(Crawled caption data)
↓

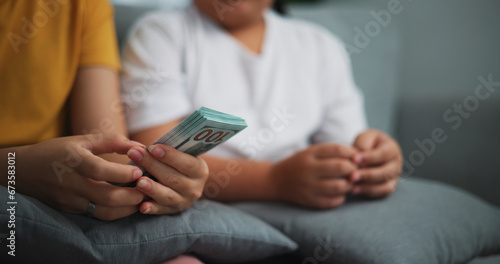 Portrait close up of young women and teen girl counting cash money on sofa in the living room at home,Happy counting dollars banknote.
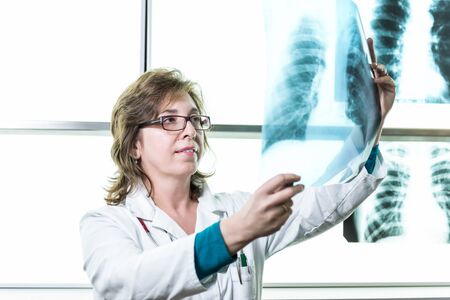 Female doctor holding and checking xray image of lungs.の写真素材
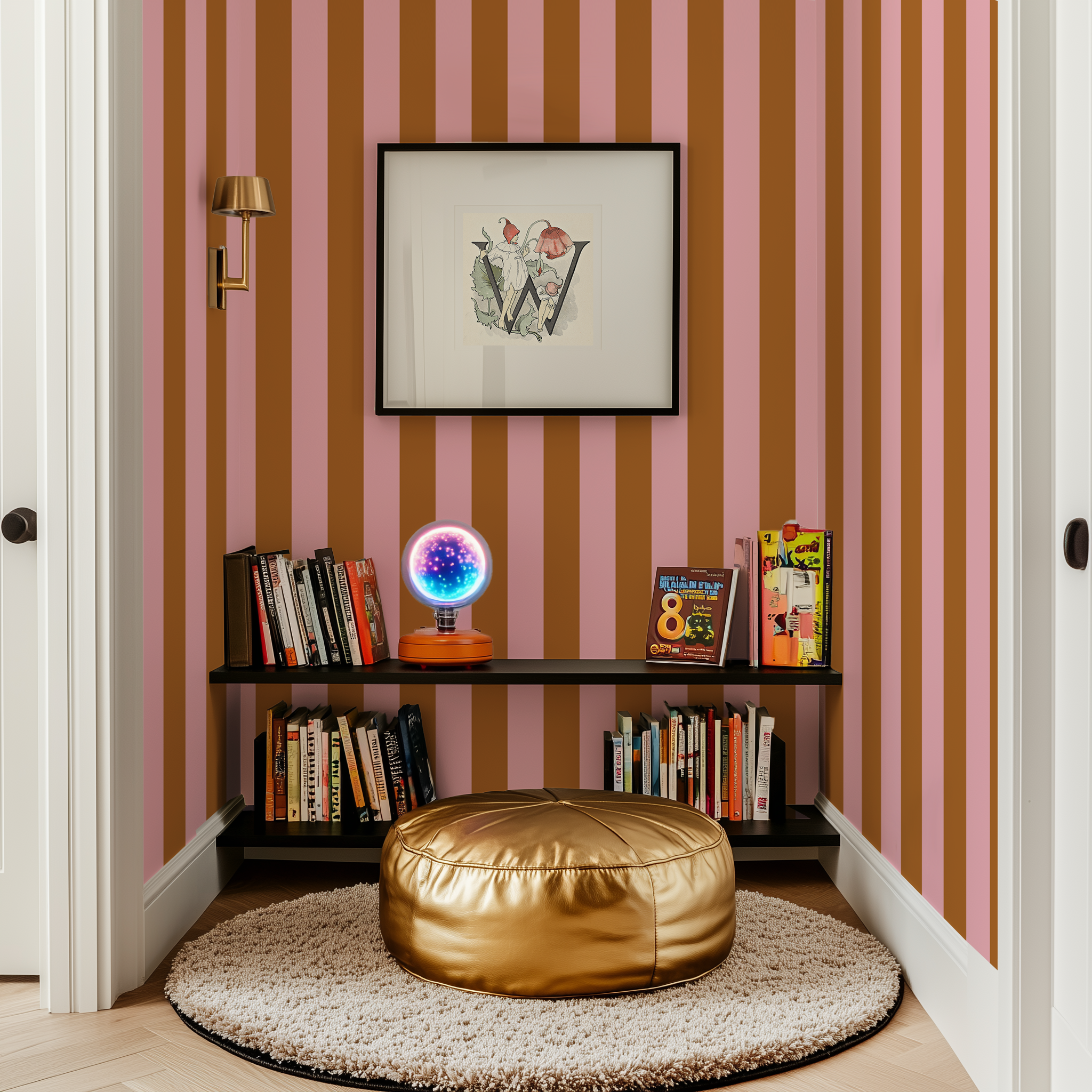 A reading nook in the corner of a kids bedroom with pink and gold wide stripe wallpaper 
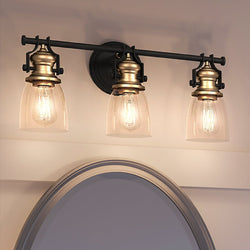 Three unique UEX2459 New Traditional Bath Light 10''H x 23''W, Oil Rubbed Bronze & Satin Brass Finish, Winsted Collection bathroom fixture with a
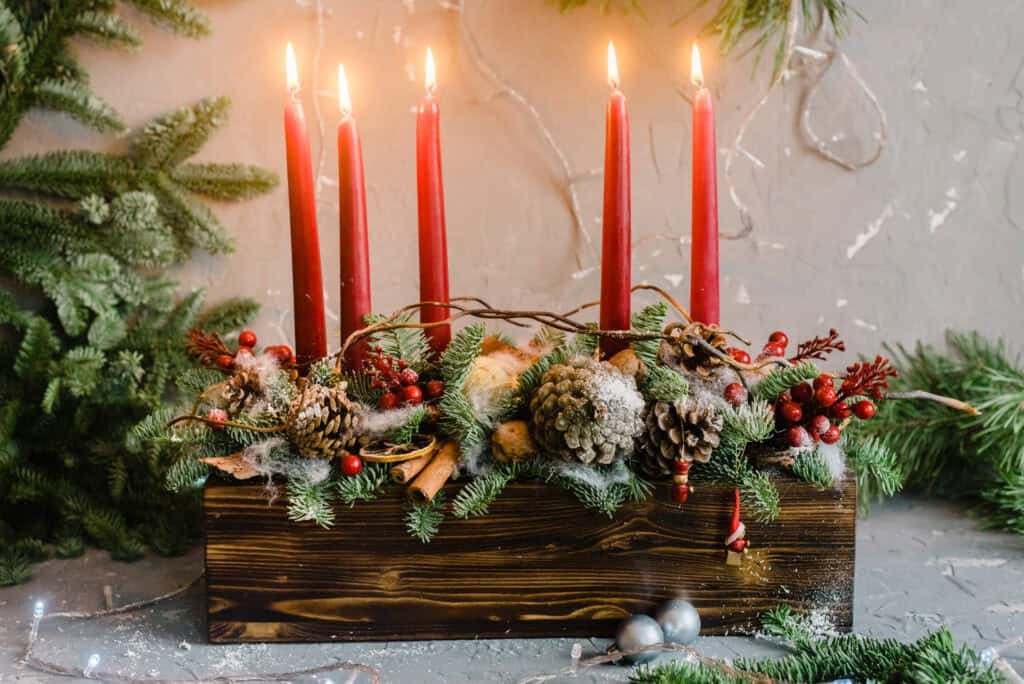 Elegant holiday candle centerpiece with pinecones, berries, and greenery.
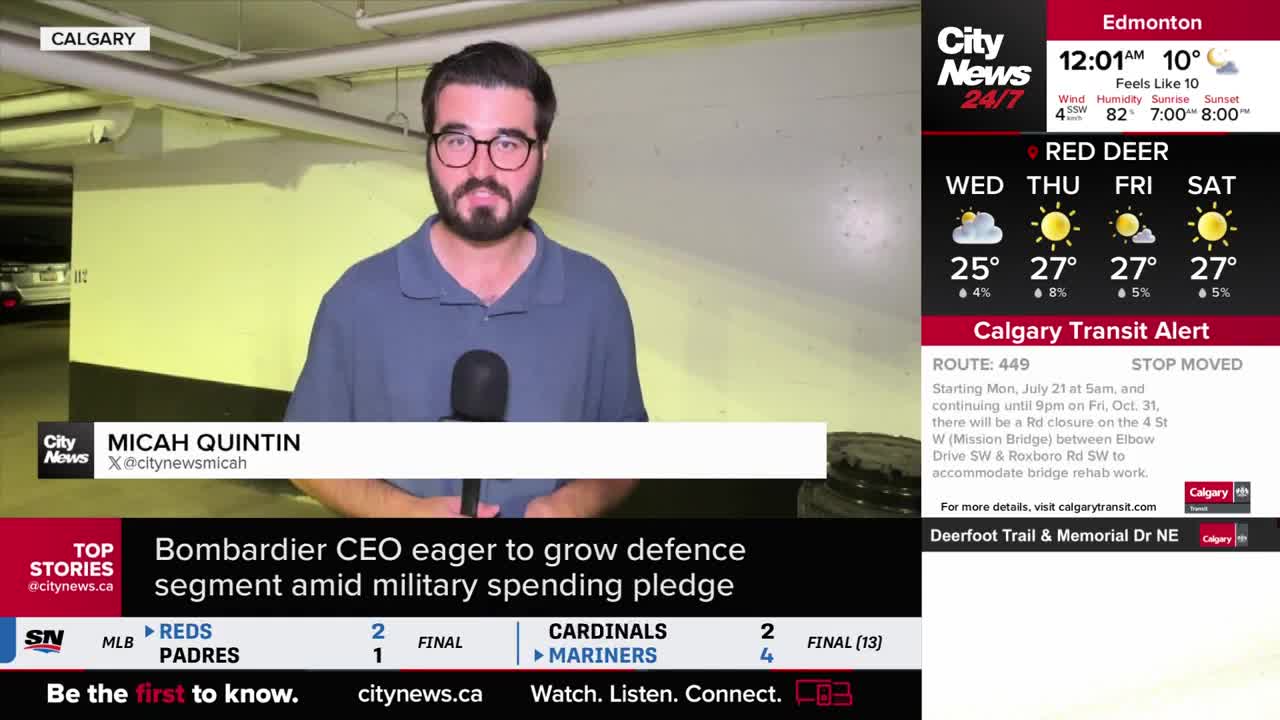 Micah Quintin from CityNews Calgary stands in what looks like a parking garage, speaking into a microphone. Behind him, a car is parked, and a screen displays the weather and transit alerts.
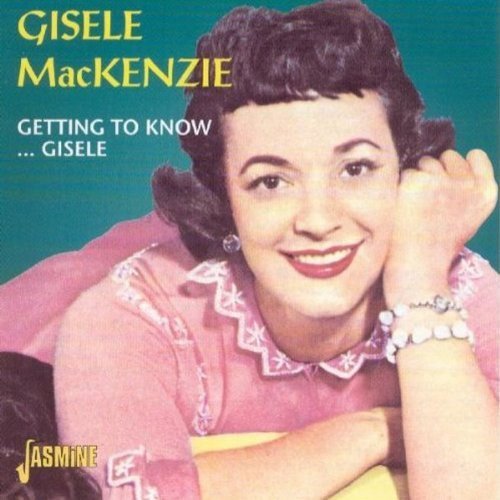 "Album cover featuring a smiling woman in a pink dress against a teal background."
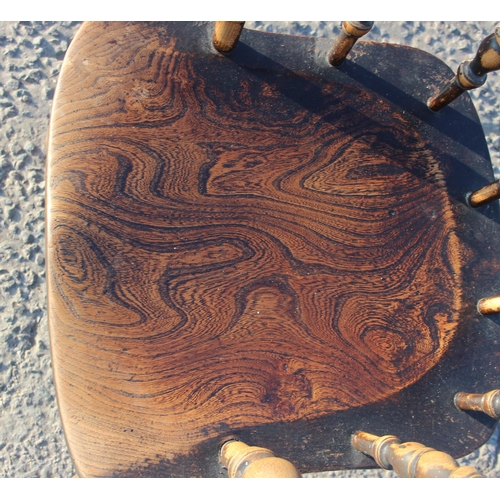 81 - A vintage oak or elm seated smokers bow or captain's armchair, likely early 20th century, approx 62c... 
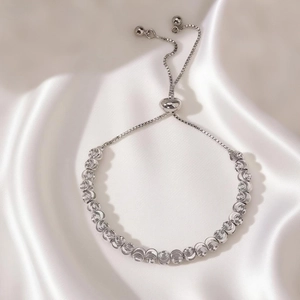 Detail of silver beaded bracelet with textured spiral finish and adjustable bolo clasp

↑

### Exercise description
The expected answer is an exact copy of the lines from the one containing "Three unique UEX2459" through the last line of the entries above, both included, without pictures.

### Result of the task
 Three unique UEX2459 New Traditional Bath Light 10''H x 23''W, Oil Rubbed Bronze & Satin Brass Finish, Winsted Collection bathroom fixture with a
 Elegant holiday candle centerpiece with pinecones, berries, and greenery.
 Micah Quintin from CityNews Calgary stands in what looks like a parking garage, speaking into a microphone. Behind him, a car is parked, and a screen displays the weather and transit alerts.
 "Album cover featuring a smiling woman in a pink dress against a teal background."
 81 - A vintage oak or elm seated smokers bow or captain's armchair, likely early 20th century, approx 62c... 
 Detail of silver beaded bracelet with textured spiral finish and adjustable bolo clasp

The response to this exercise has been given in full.